What to do if they don’t want to talk to a professional?
Not everyone feeling suicidal or having suicidal thoughts will be ready to seek professional help. For any number of reasons, they may dismiss the idea out of hand. Don’t be put off giving your support and don’t make seeing a professional a condition of your support.
Try to understand that it can take time for people to be ready to talk to a professional. Without being pushy, try to establish what their barriers are to seeking professional help and whether there is any way you can help to overcome their barriers.
Supporting someone with suicidal thoughts might have an impact on you, so it might help you to get support for yourself. Even if the person you are supporting refuses professional help, you can get professional support for yourself as you may need to “off-load” and help to build your emotional reserve.
What support is available?
There are numerous sources of information and support for anyone who may be experiencing suicidal thoughts and for families, friends and colleagues who are concerned about someone who may be at risk of suicide.
Below are listed some contact details:
- Samaritans is a registered charity that provides confidential, non-judgemental emotional support, 24 hours a day, 7 days a week, for people who are experiencing feelings of distress or despair, including those which could lead to suicide. In the UK, the Samaritans helpline service can be contacted for free on 116 123 or by email email@example.com. They also provide a self-help app to download.
- CALM, the Campaign Against Living Miserably, is a charity focused on reducing suicide in men aged under 35. Their helpline is 0800 58 58 58 and they are open 5pm–midnight 365 days a year. Webchat opening hours are 5pm–midnight every day.

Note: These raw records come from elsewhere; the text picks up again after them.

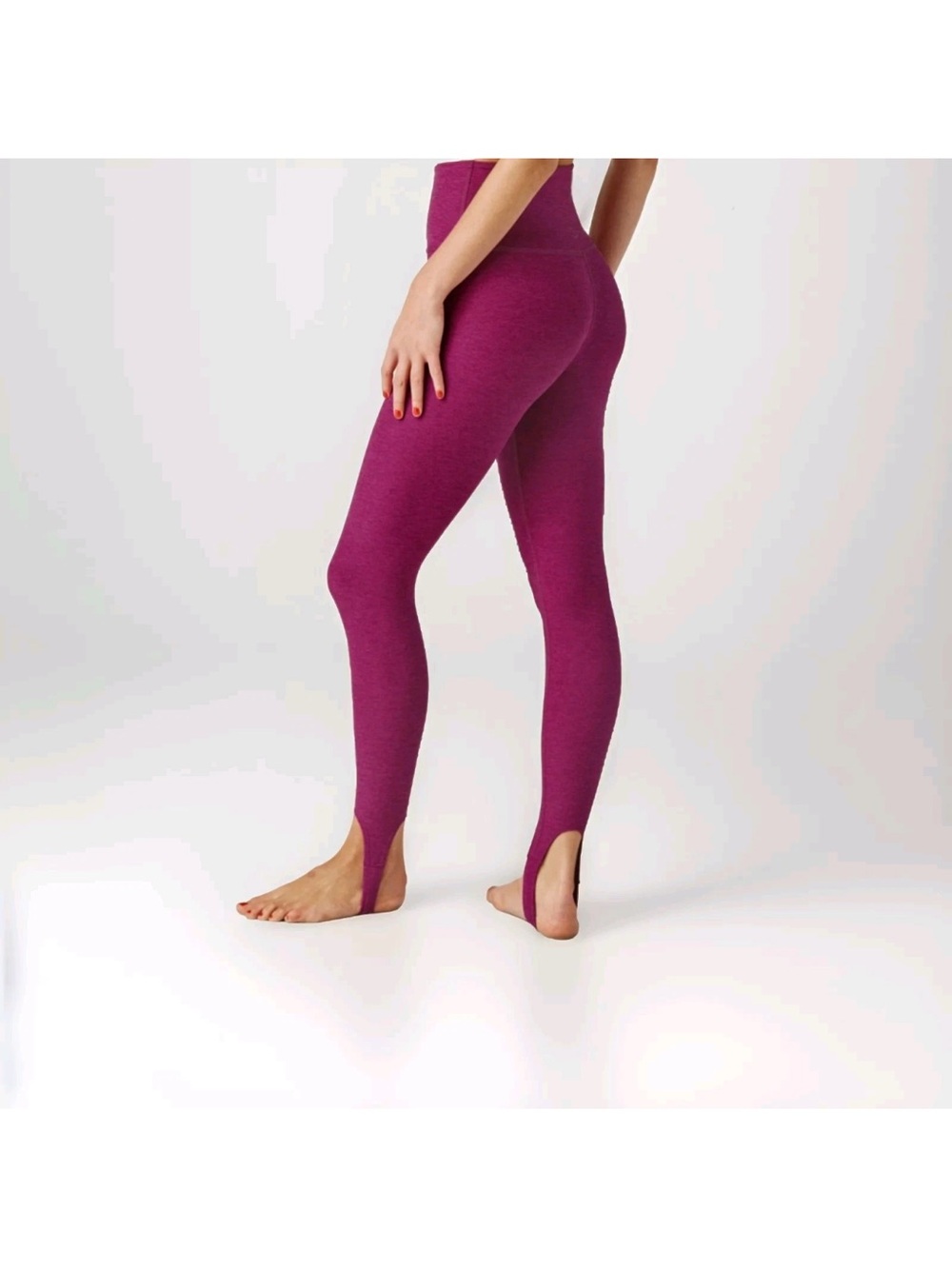 Beyond yoga High-Waist Stirrup Leggings in Magenta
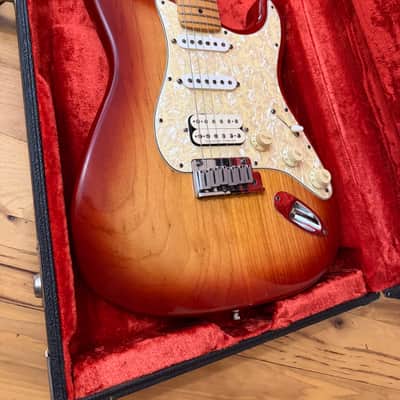 Fender US Lone Star Stratocaster with Maple Fretboard 1998 - Sienna Sunburst image 2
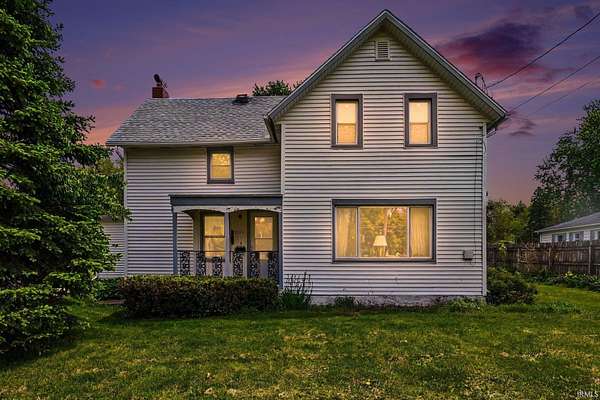 2.15 Acres of Land with Home for Sale in Syracuse, Indiana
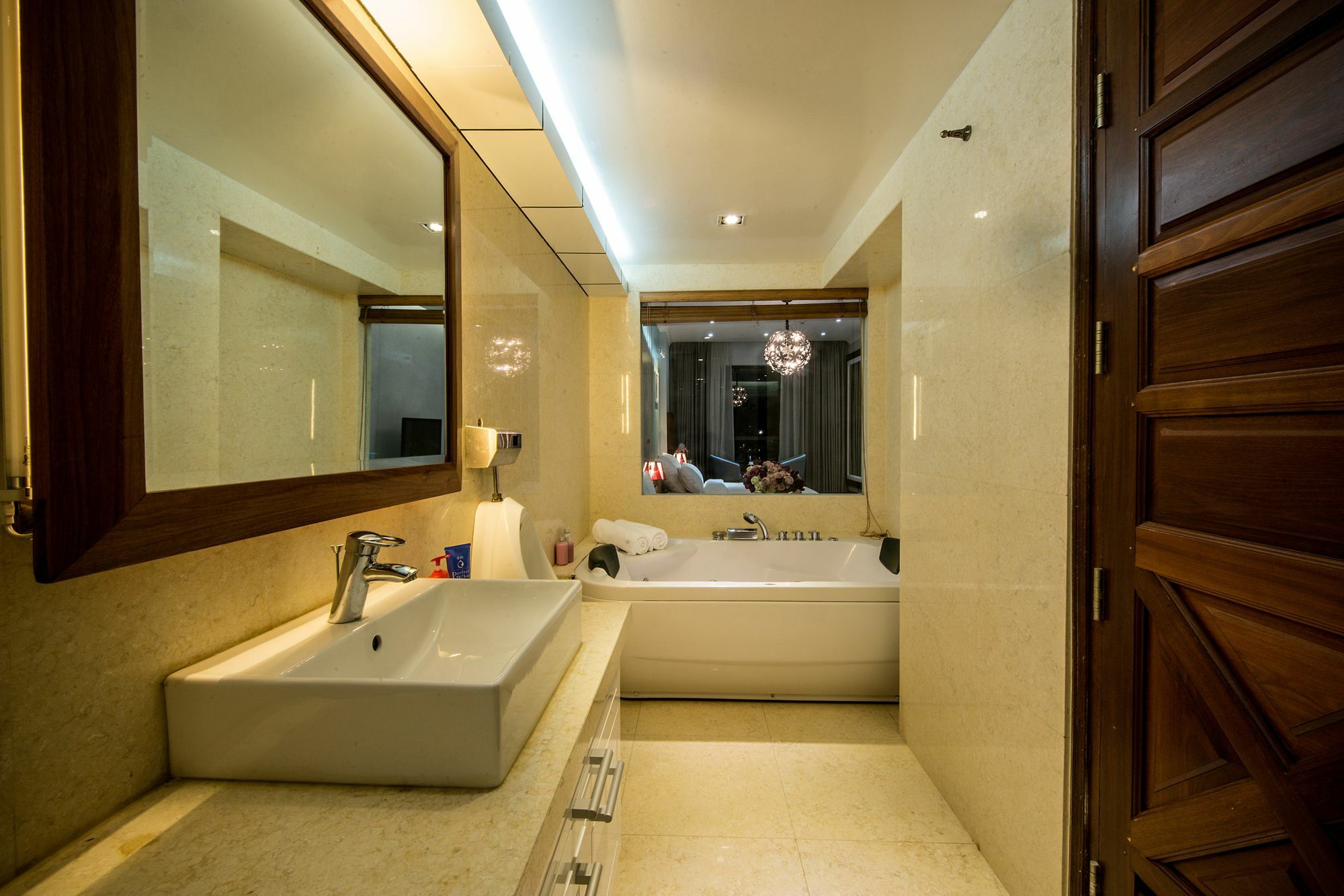 New Gate Apartment Hanoi Eksteriør billede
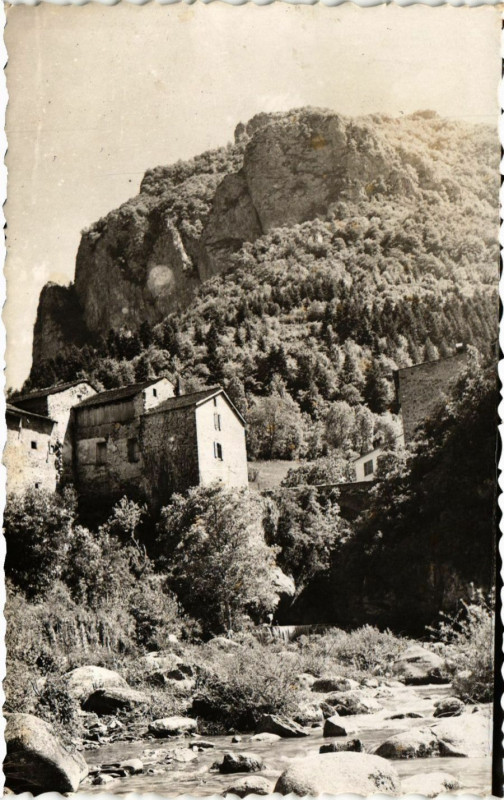 Carte postale ancienne Sainte-Colombe-sur-Guette (Aude) - Rocher du Bénal à Sainte-Colombe-sur-Guette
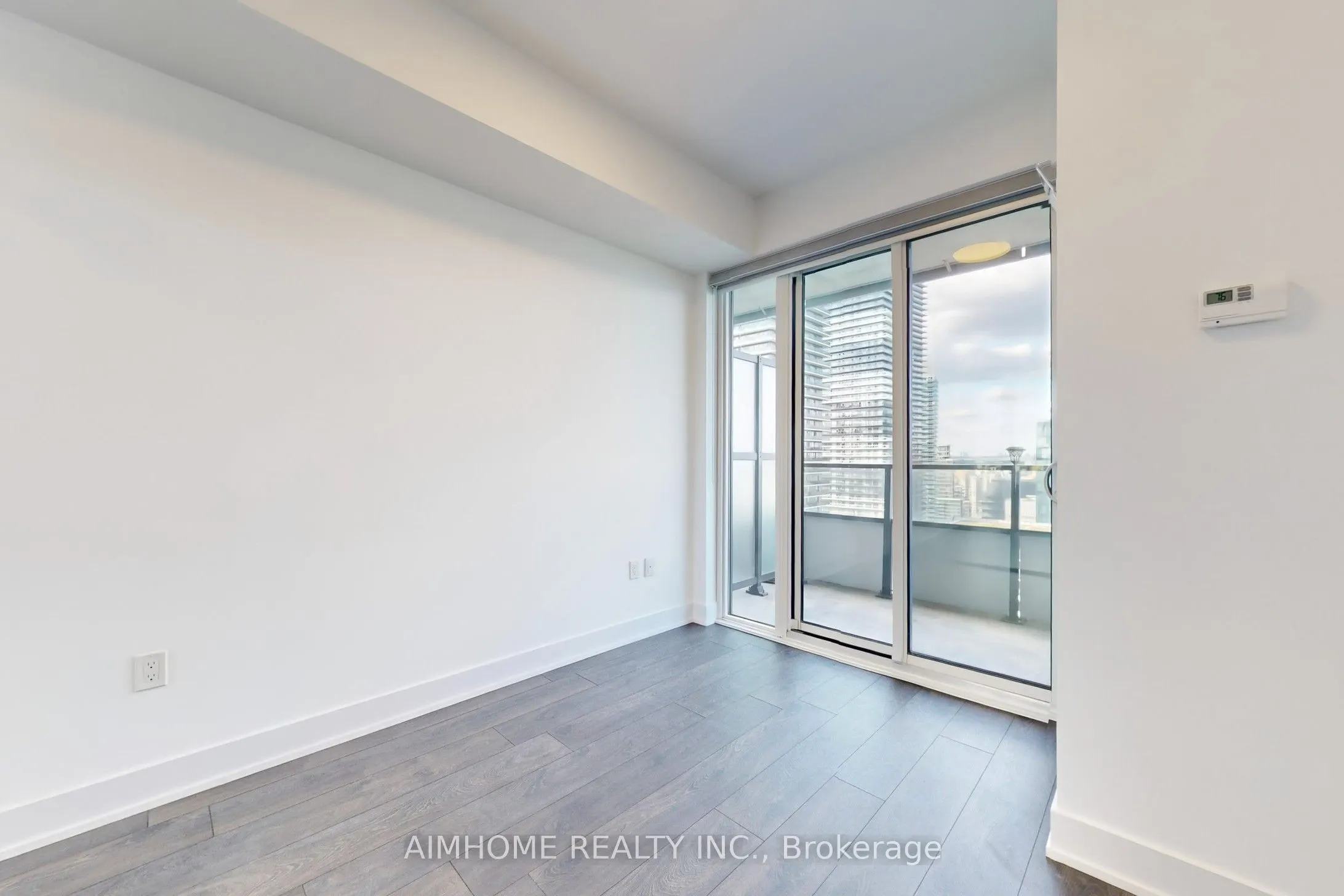 20 Shore Breeze Drive, #2207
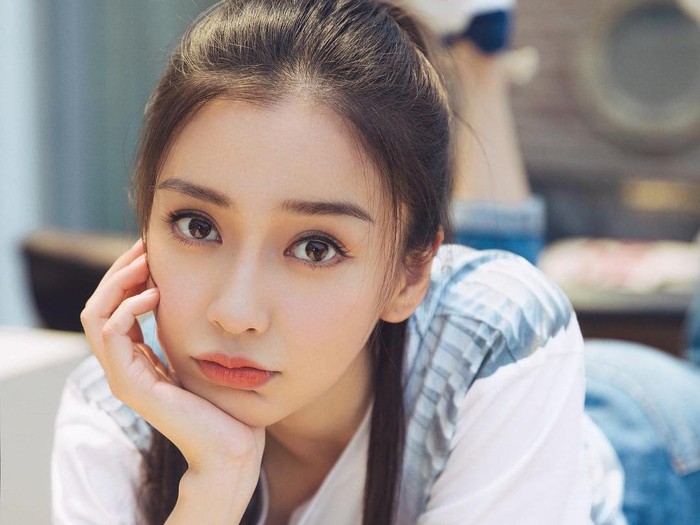 Potret Angelababy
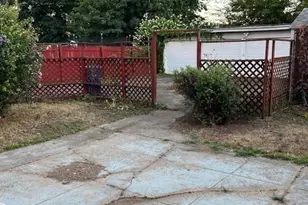 180 Holly St, Bridgeport, CT 06607 - Photo 25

- SANE provides emotional support and specialist information to anyone affected by mental illness, including families, friends and carers. SANEline offers non-judgemental and compassionate emotional support. Telephone 07984 967 708.
- Childline telephone 0800 11 11 is a free and confidential helpline for children and young people in the UK, or login for a 1-2-1 chat.
- PAPYRUS is a suicide prevention service that offers support and advice to young people up to 35 years. Telephone 0800 068 4141 for support. Text on 07860 039967. Email at firstname.lastname@example.org. They are open every day of the year 9am–midnight. The service is confidential and provides a source of support, practical advice and information to anyone concerned that a young person they know may be at risk of suicide.
- YoungMinds Parents’ Helpline offers free confidential online and telephone support to any adult worried about the emotional problems, behaviour or mental health of a child or young person up to the age of 25. Call on 0808 802 5544 (Monday to Friday 9.30am–4pm), email email@example.com or chat online (Monday to Friday 11am–1pm).
- SHOUT offers text support any time, text SHOUT to 85258.
- Telephone NHS 111 by dialling 111.
- Contact your GP or Google out of hours GP in x (give your location) for contact details of out of hours services.
Thoughts of suicide, even if they seem vague, should always be taken seriously. You may struggle to know what to do, but you can never go wrong by showing compassion and support. However, it can be emotionally demanding to support someone who is having suicidal thoughts, so it’s important that you try to keep yourself healthy too.
Find someone to talk things over with, such as a helpline or a mental health professional; they are there to support friends and family too. Taking care of others involves taking care of yourself.